#### [Data section]
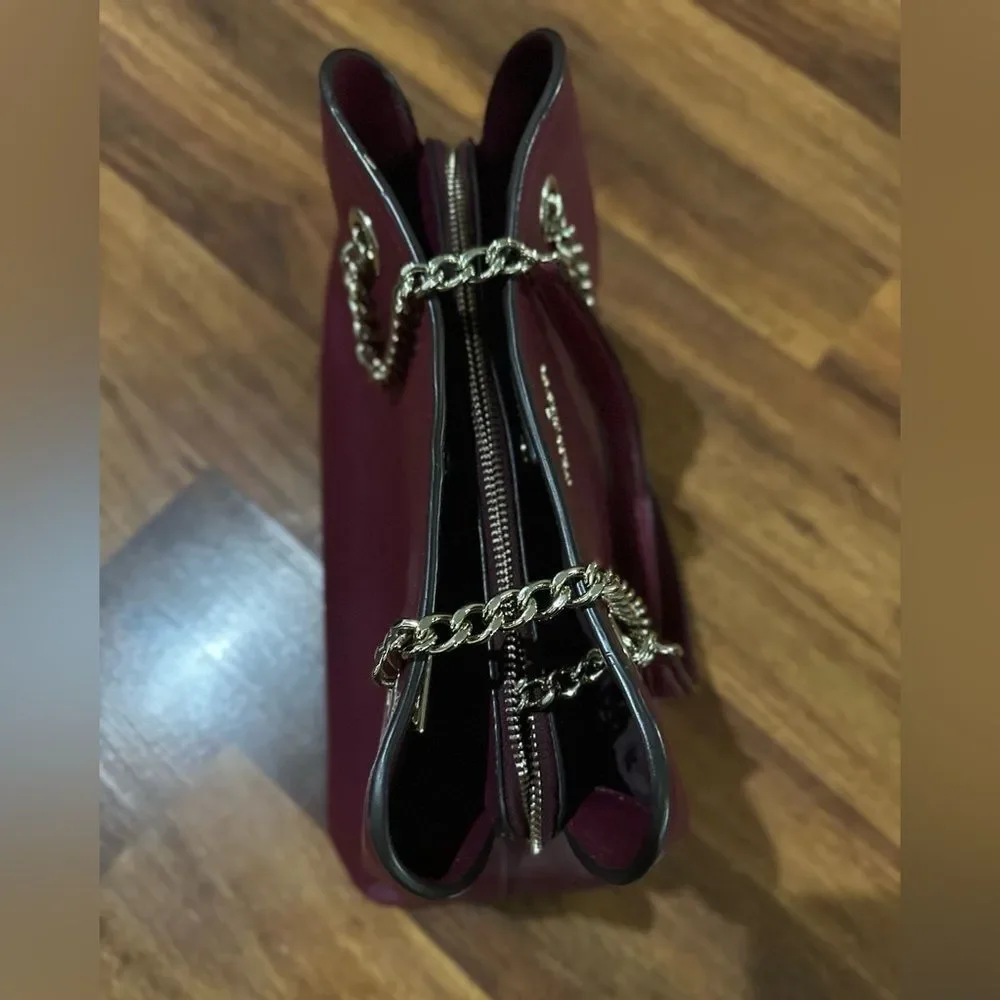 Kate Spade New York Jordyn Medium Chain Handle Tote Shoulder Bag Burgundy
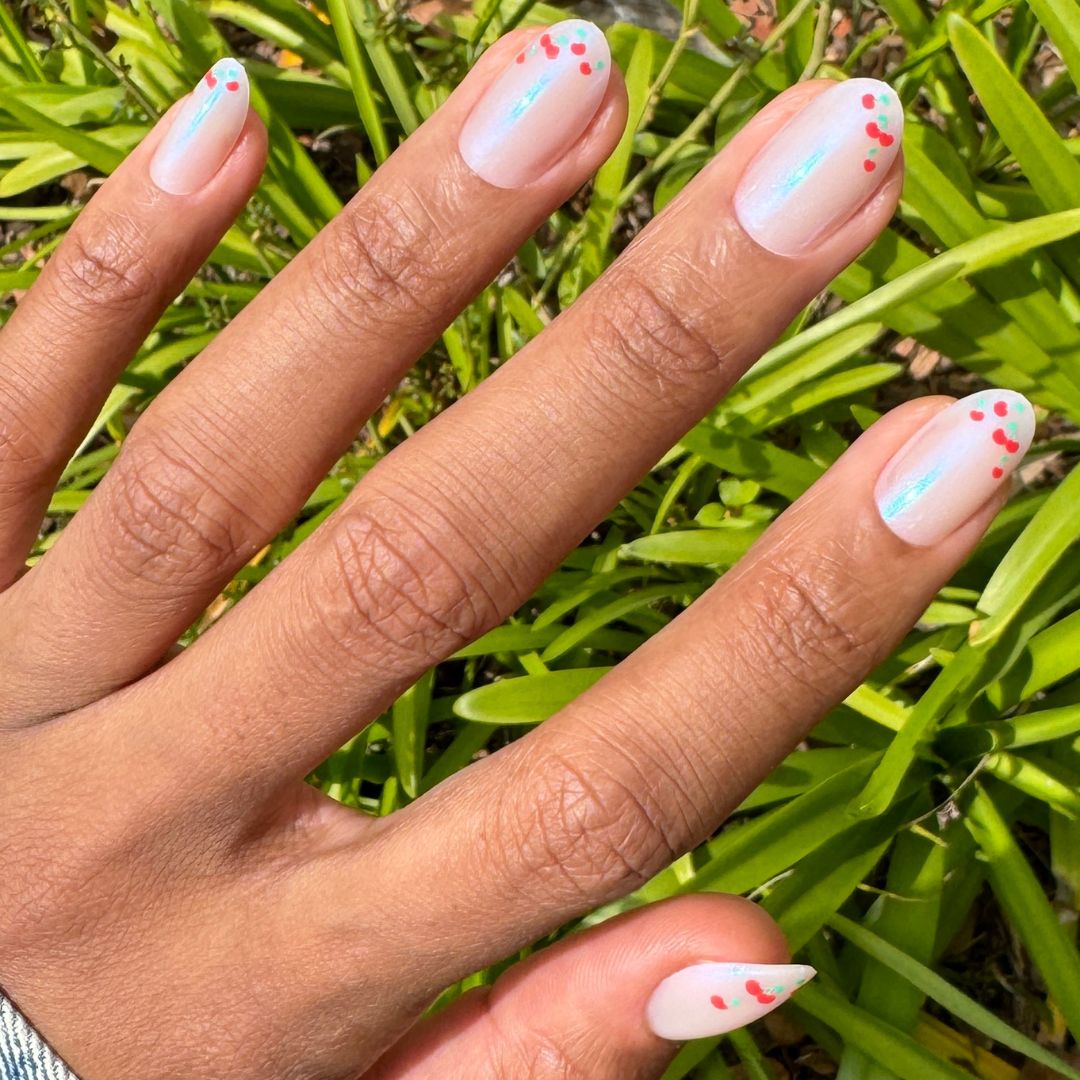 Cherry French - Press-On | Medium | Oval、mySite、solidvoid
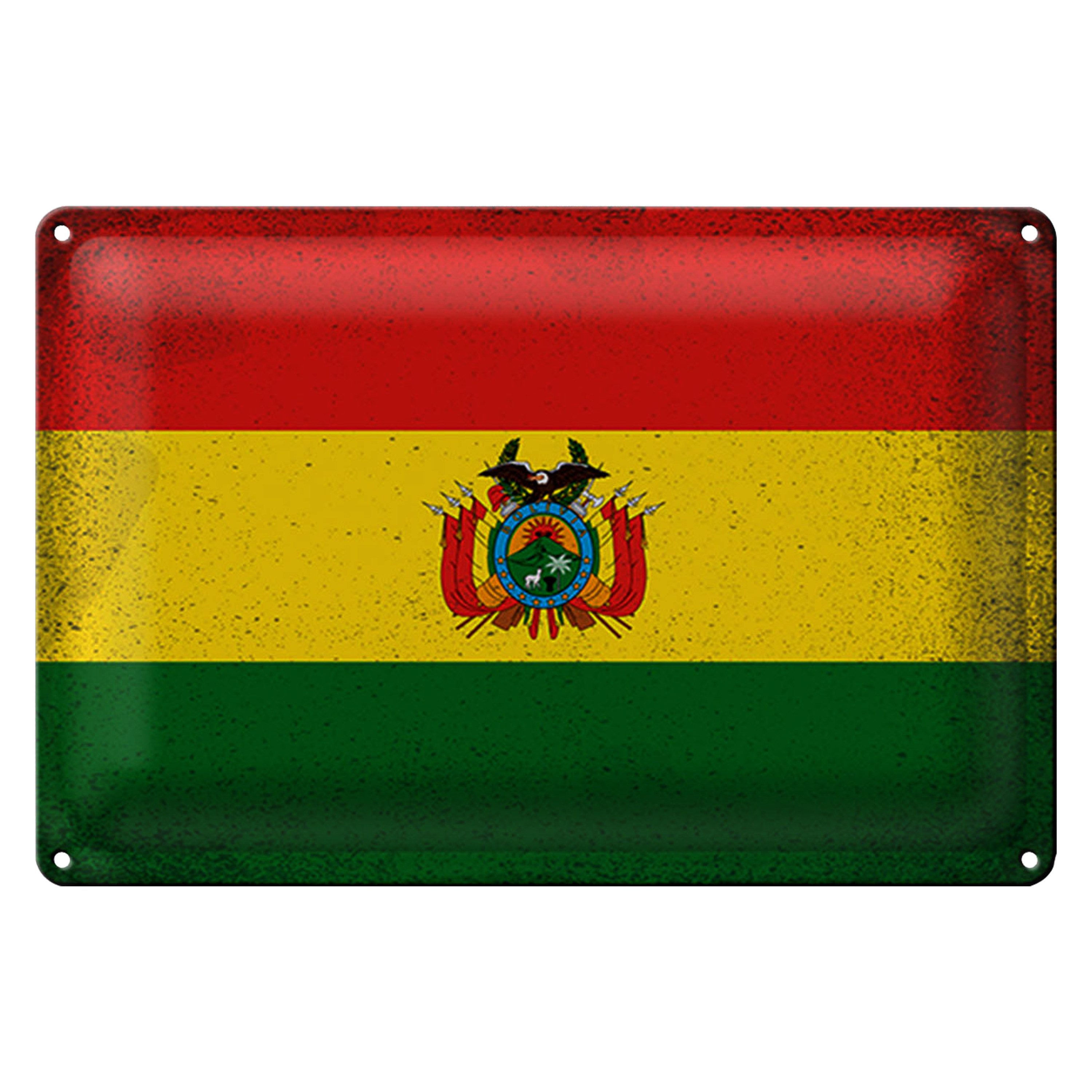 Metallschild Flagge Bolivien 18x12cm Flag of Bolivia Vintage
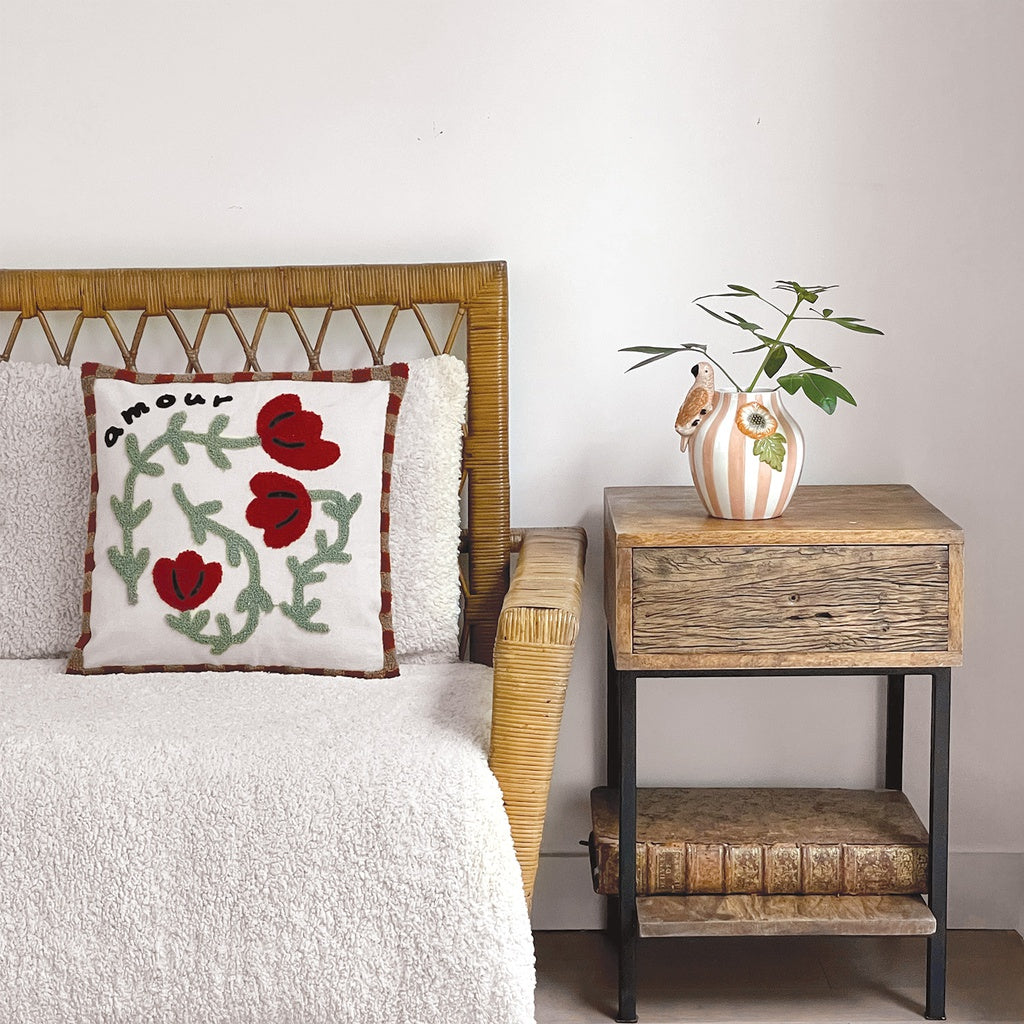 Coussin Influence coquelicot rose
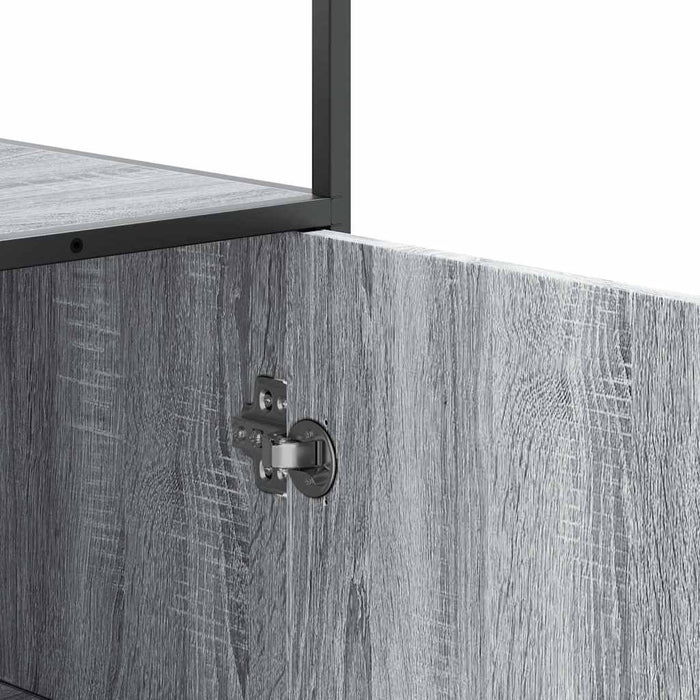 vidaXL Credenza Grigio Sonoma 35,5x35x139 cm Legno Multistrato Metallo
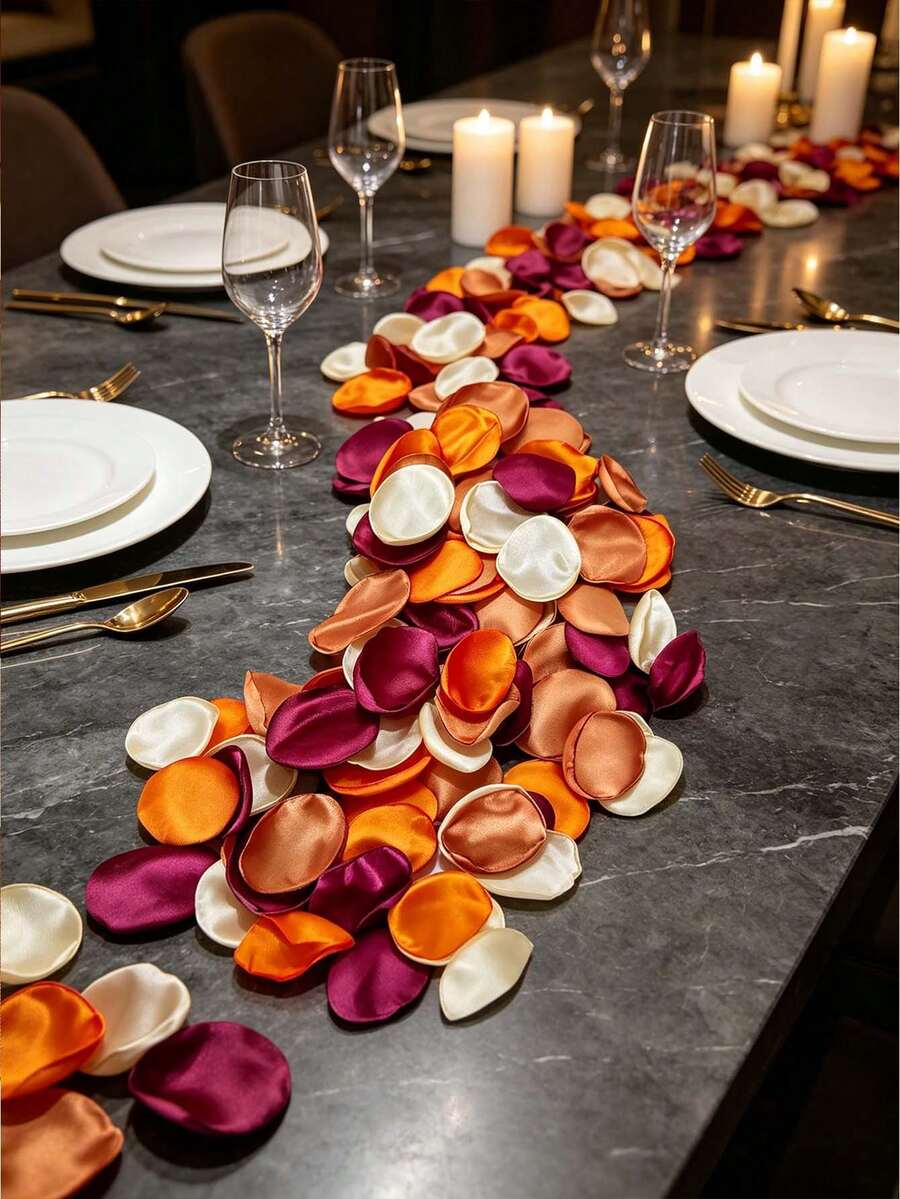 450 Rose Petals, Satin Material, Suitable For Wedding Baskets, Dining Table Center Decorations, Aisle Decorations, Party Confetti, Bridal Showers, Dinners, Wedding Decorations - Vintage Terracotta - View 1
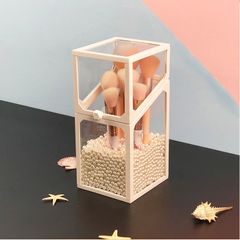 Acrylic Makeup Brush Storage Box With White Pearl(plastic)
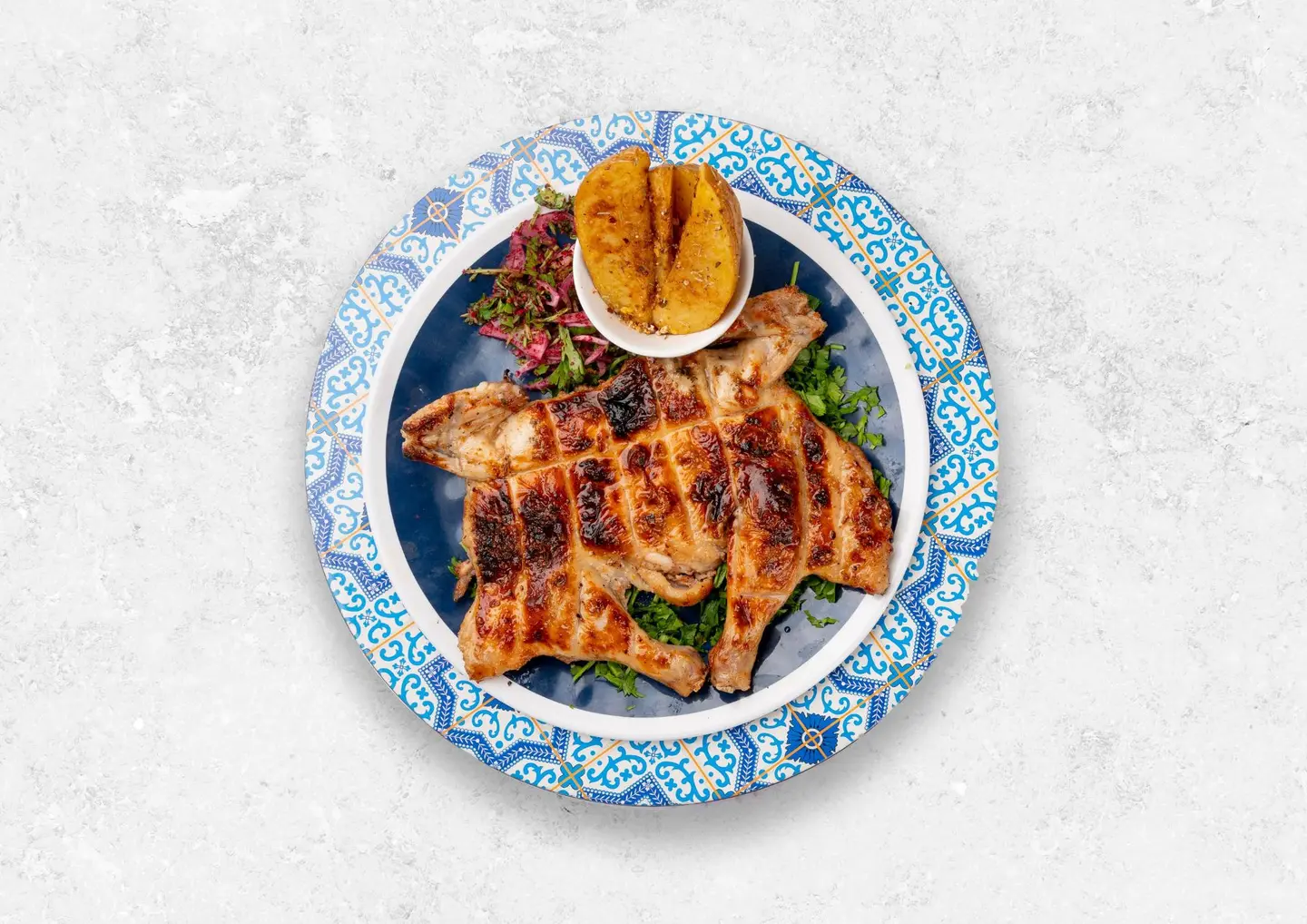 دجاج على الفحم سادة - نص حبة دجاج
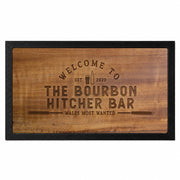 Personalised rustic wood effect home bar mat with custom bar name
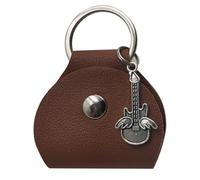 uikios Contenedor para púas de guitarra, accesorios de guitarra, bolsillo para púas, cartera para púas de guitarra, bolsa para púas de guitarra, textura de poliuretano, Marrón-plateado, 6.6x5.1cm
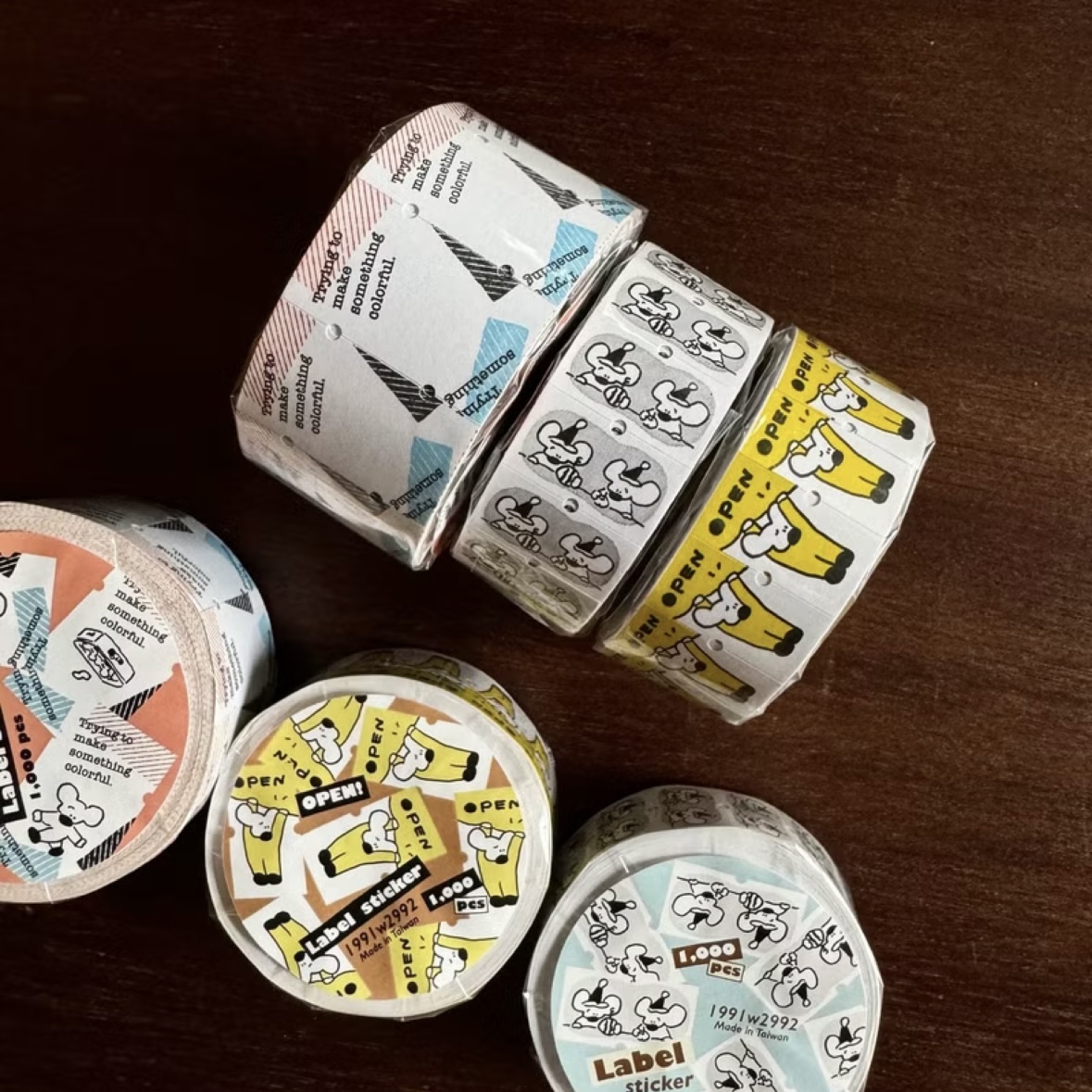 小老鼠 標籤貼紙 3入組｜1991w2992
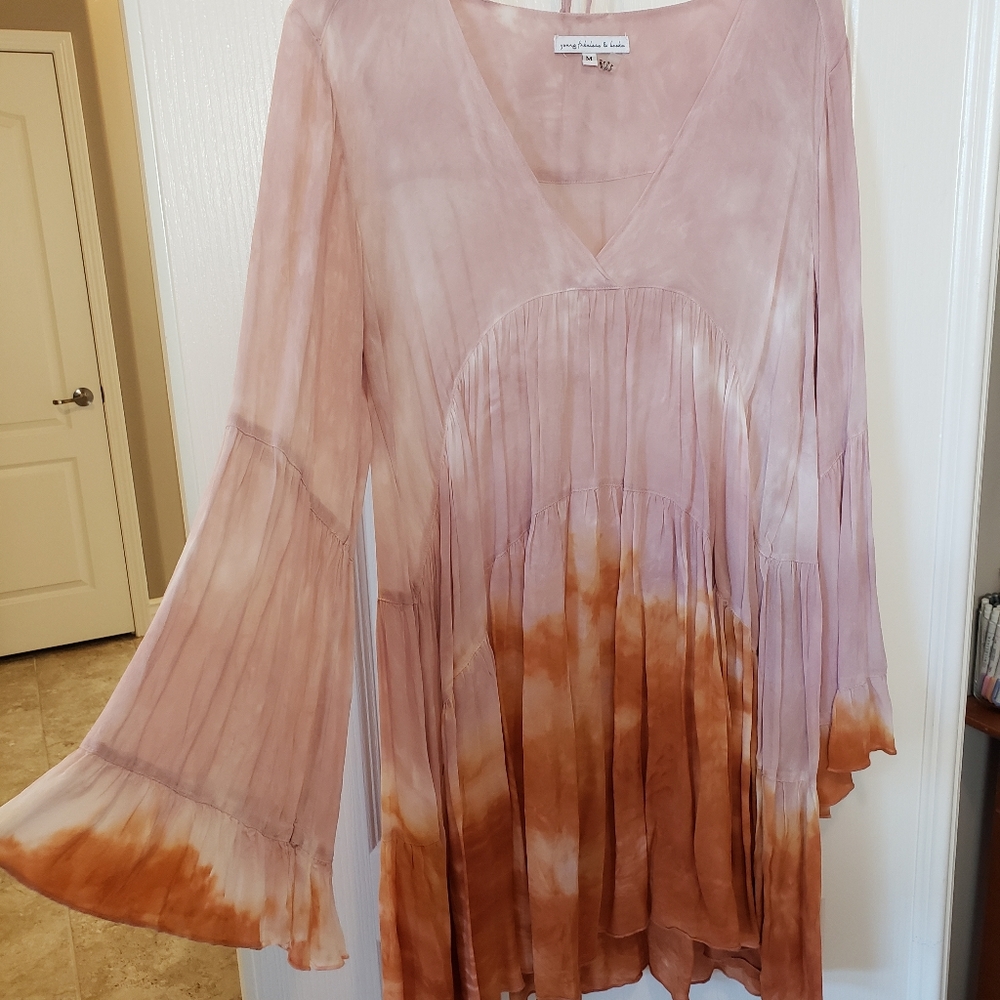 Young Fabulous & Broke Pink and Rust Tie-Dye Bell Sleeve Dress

#### [Activity]
The lines wanted are those from the one with "小老鼠 標籤貼紙 3入組｜1991w2992" to the end of the entries above, repeated exactly, both ends included. Leave out the pictures.

#### [Response]
 小老鼠 標籤貼紙 3入組｜1991w2992
 Young Fabulous & Broke Pink and Rust Tie-Dye Bell Sleeve Dress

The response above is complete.